Thursday, October 13, 2005

So i'm the great adventurer, like all of you. We're all following treasure maps that we drew ourselves with crayons on drawing block. Don't get eaten by monsters on your journeys. I know I won't, not with my sword. Whether you're a hunter in the americas or a noblewoman in european high society, remember to come back. We'll gather in a tavern and clank foamy mugs together and rave about our conquests like big burly men. Meanwhile I peek at all of you through my magic mirror, this wonderful little contraption that lets me talk to you with typefaces and jpeg images.

I'm really pushing myself. Everyday i come home dizzy and fall asleep on my white couch as if i had hauled bricks at a factory. I've been working on my snow white project, and now i'm attempting to draw sculptures. I wish i could take part in the home club flea market but there's no time for that.

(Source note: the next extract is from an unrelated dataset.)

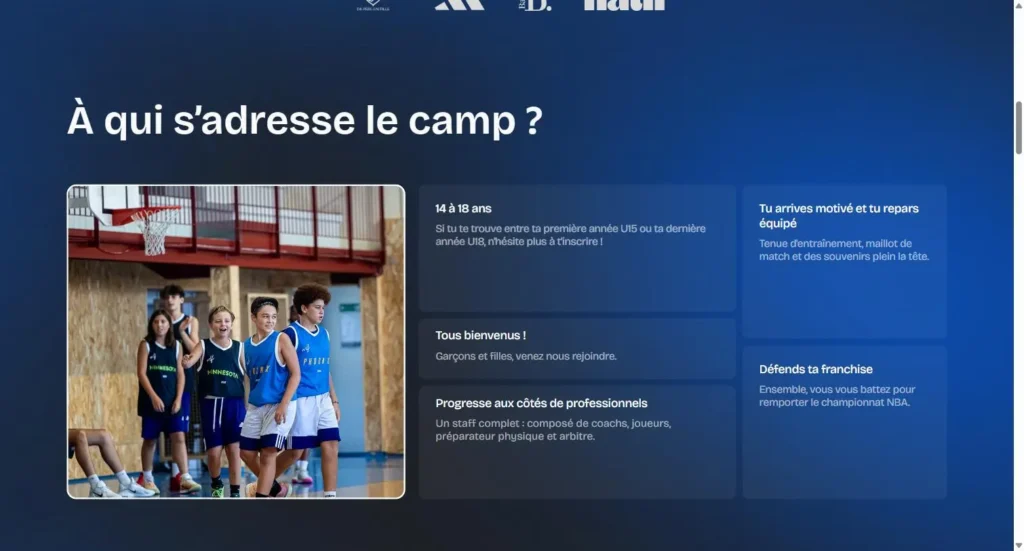 Hugo Besson — a qui sadresse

And little desire as well.

And what goes on in my mind all the time? Bits of myths that star me, bits of nonsense really, compared to what's going on in the world. I hate myself for being one of the last to know what's on the news. What kind of a problem is losing my mother's dress on the bus, when people elsewhere are waiting for earthquakes and bombs, or crying because of what they just discovered about their own fathers. Families draw tight to stop those tears. What is film, what is fashion, what is music, compared to real comforts that are much needed in other homes? I despise my indulgence. I would pour out all my time and energy into my craft if there weren't more important things to love. J, you are so soft now, and though i hardly know you anymore, i can be sure you're still that little girl who was almost my own sister. You used to take me into your parents' room and show me secrets. Laughable embarrassing things now, but i would listen to any of your secrets. Our house is built on tradition, year after excrutiating year, but now i see the importance of that. If i ever fall, more than twenty pairs of hands will catch me, more than twenty pairs of eyes will close in prayer for me. That's my hands for you, my heart, my prayer.